This past summer we read about a new kind of repellant that is supposedly longer lasting (up to 6 months).  They are called “Whiff Bars” and they were developed by an orchardist to prevent deer browse damage to fruit trees.  They look like those small bars of soap that hotels put out for guests.  When we opened the box that they were shipped in the aroma smelled like your great aunt’s perfume.  I know if I were a deer I wouldn’t feel like nibbling on trees that had them, but here again, our problem is rubbing, not nibbling, so whether they’ll be effective for what we want we’ll have to see.   We think its at least worth a try.

Earlier this month Len went out and attached the bars to our most vulnerable trees (Canaan, Concolor and Nordmann firs, White Pines and Norway Spruce).

Earlier this month Len tied deer repellant "Whiff Bars" to our farm's trees that are most vulnerable to buck rubs.  The Whiff Bars are supposed to keep deer from browsing the trees, but we hope they keep buck from rubbing them as well.

Earlier this month Len tied deer repellant “Whiff Bars” to our farm’s trees that are most vulnerable to buck rubs. The Whiff Bars are supposed to keep deer from browsing the trees, but we hope they keep bucks from rubbing them as well.

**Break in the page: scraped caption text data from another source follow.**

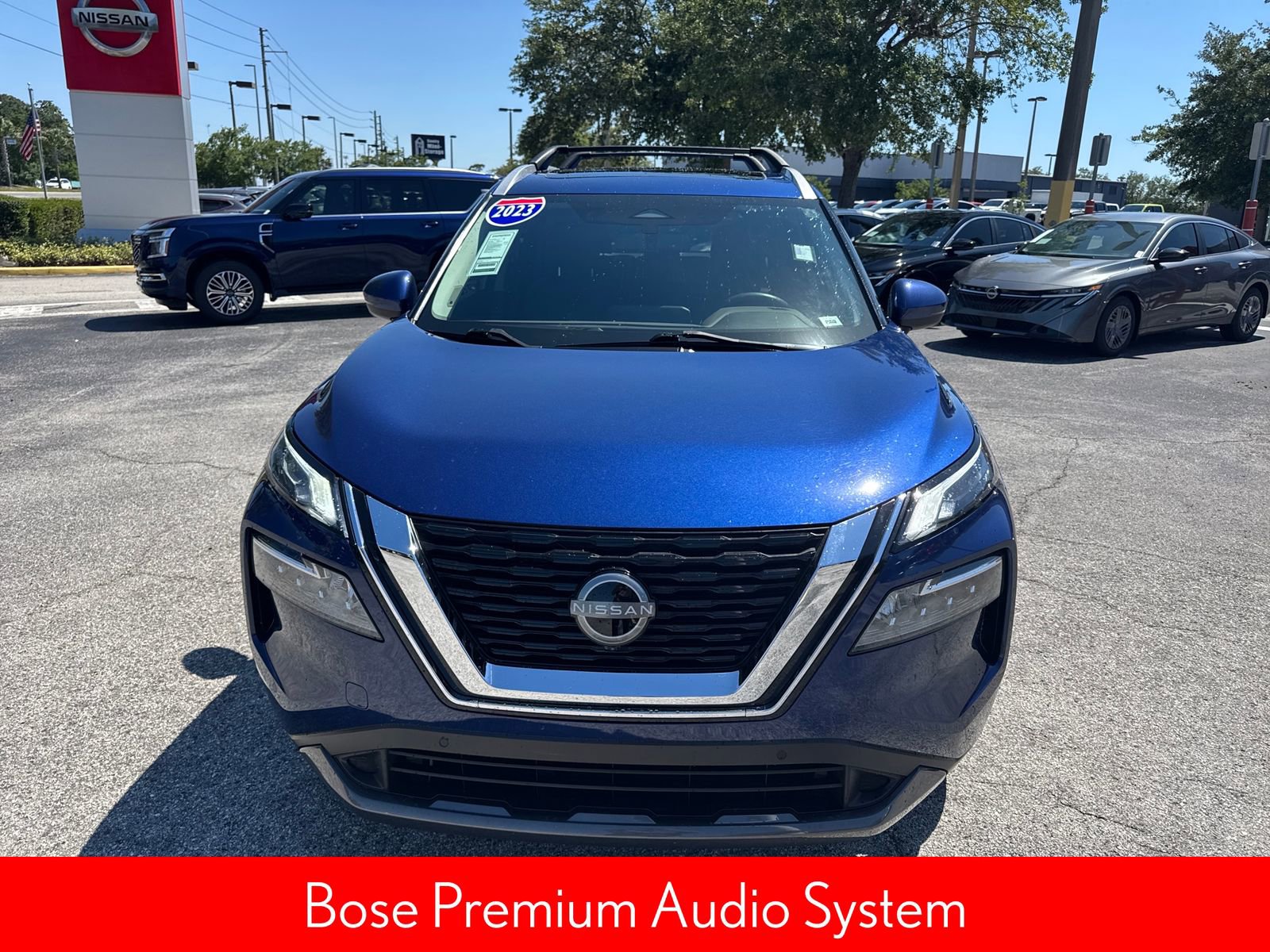 Certified 2023 Nissan Rogue SL w/ SL Premium Package FWD image 3
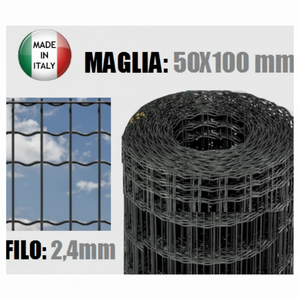 Divisorio per Stanza in Alluminio e Vetro Satinato con Modulo Iniziale/Finale, 1 Traversa Bassa - H2550xL1000 mm - Colore Personalizzabile - Product Image 1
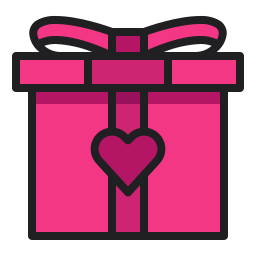 Wedding gift icon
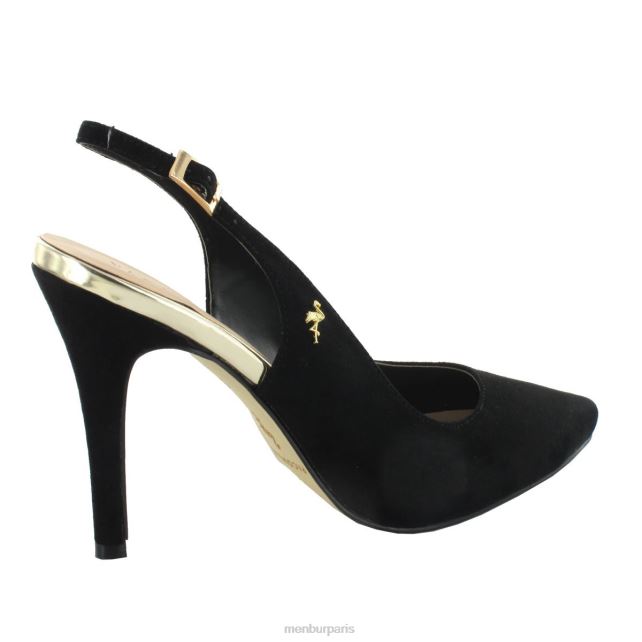 Menbur femmes Cléome DVZ864214 talons hauts noir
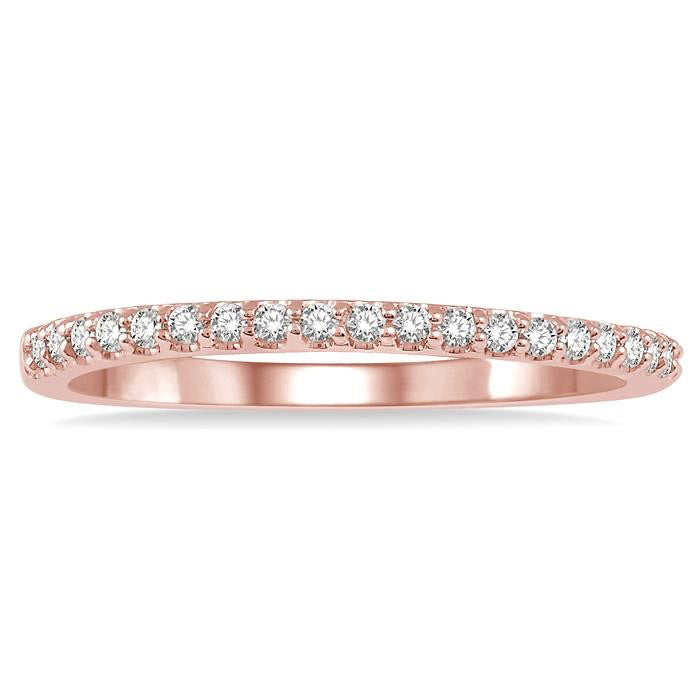Diamond Wedding Band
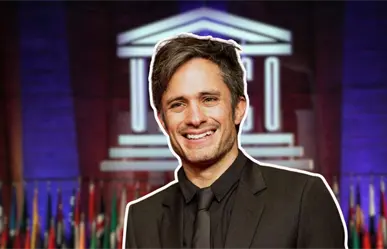 Gael García Bernal es nombrado embajador de Buena Voluntad ante la UNESCO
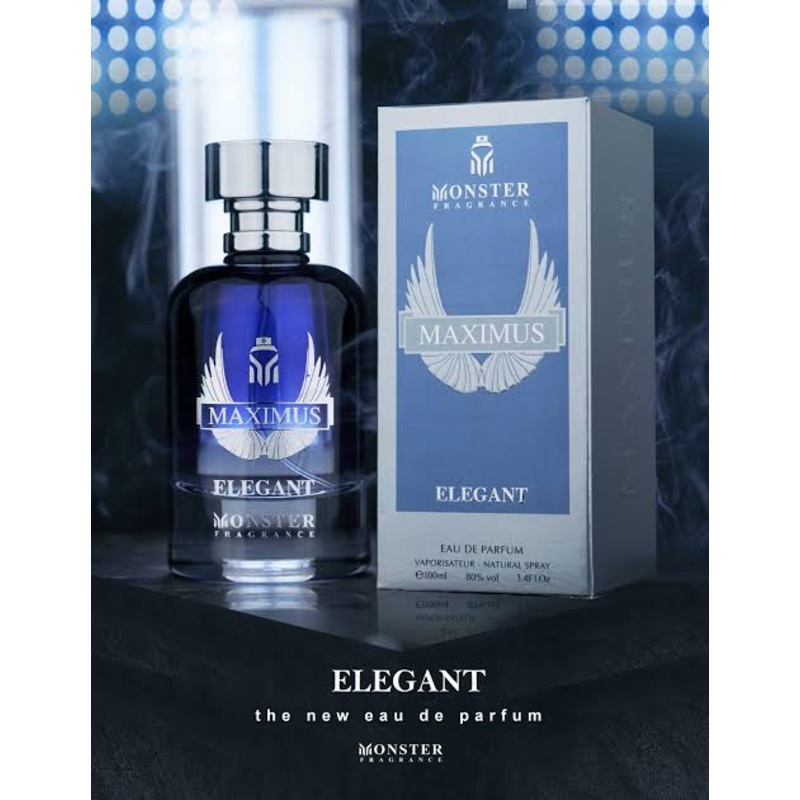 MONSTER MAXIMUS ELEGANT | 100ml
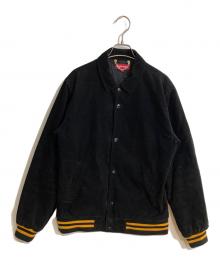 SUPREME（シュプリーム）の古着「Corduroy Club Jacket/コーデュロイクラブジャケット」｜ブラック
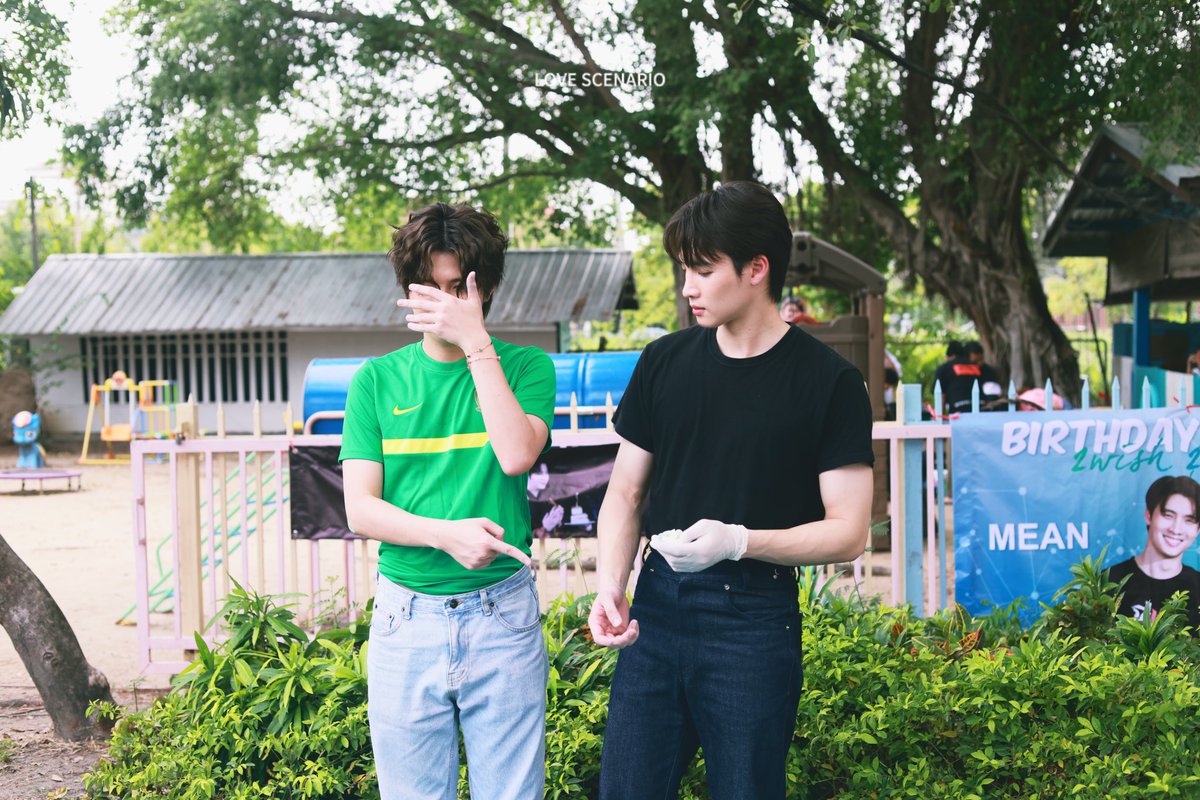 2WISH_SCENARIO's tweet photo. 我们都依然在这里，谢谢你们，谢谢这个世界。💙💚
 #MeanPlanBDProject
#2wish https://t.co/xJ5c10c5EZ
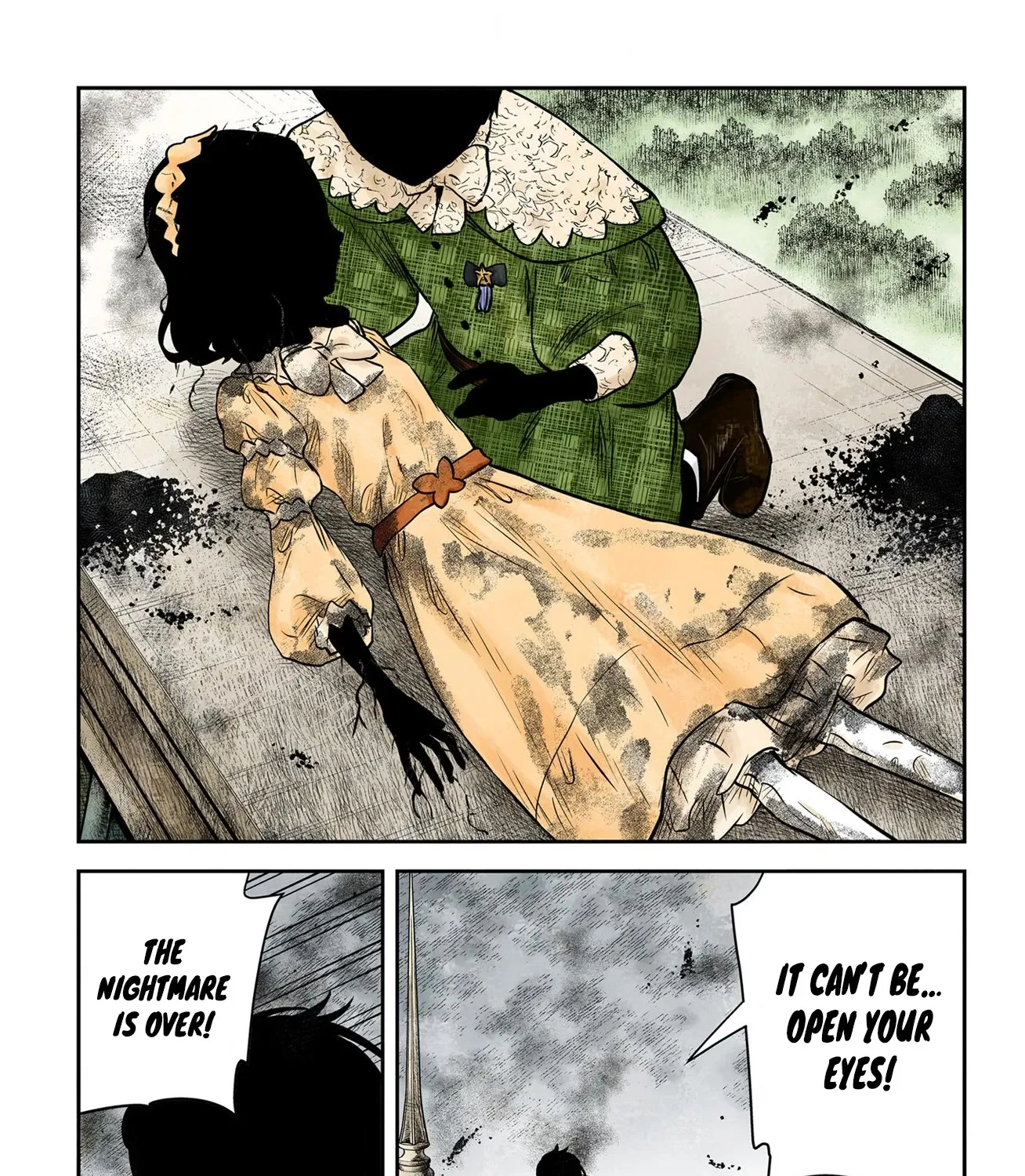 Shadow House Zinmanga X Chapter 163 Page 24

They look like little Christmas ornaments and we’re sure they’ll be a conversation item when folks come out to the farm and wander the fields in search of their family tree come Christmas time.  Like the deer repellant we spray, we don’t smell anything when we walk near the trees with the bars, but deer have a sense of smell that is much more sensitive than ours so its probably very apparent to them.  At least we hope that’s the case!

We like having deer around here at Wolgast Tree Farm & Apiary, but we aren’t so thrilled with buck rubs on our Christmas trees.  We hope that between spraying deer repellant and outfitting our Christmas trees with Whiff Bars that we’ll be able to make sure that the bucks will stop (rubbing) here.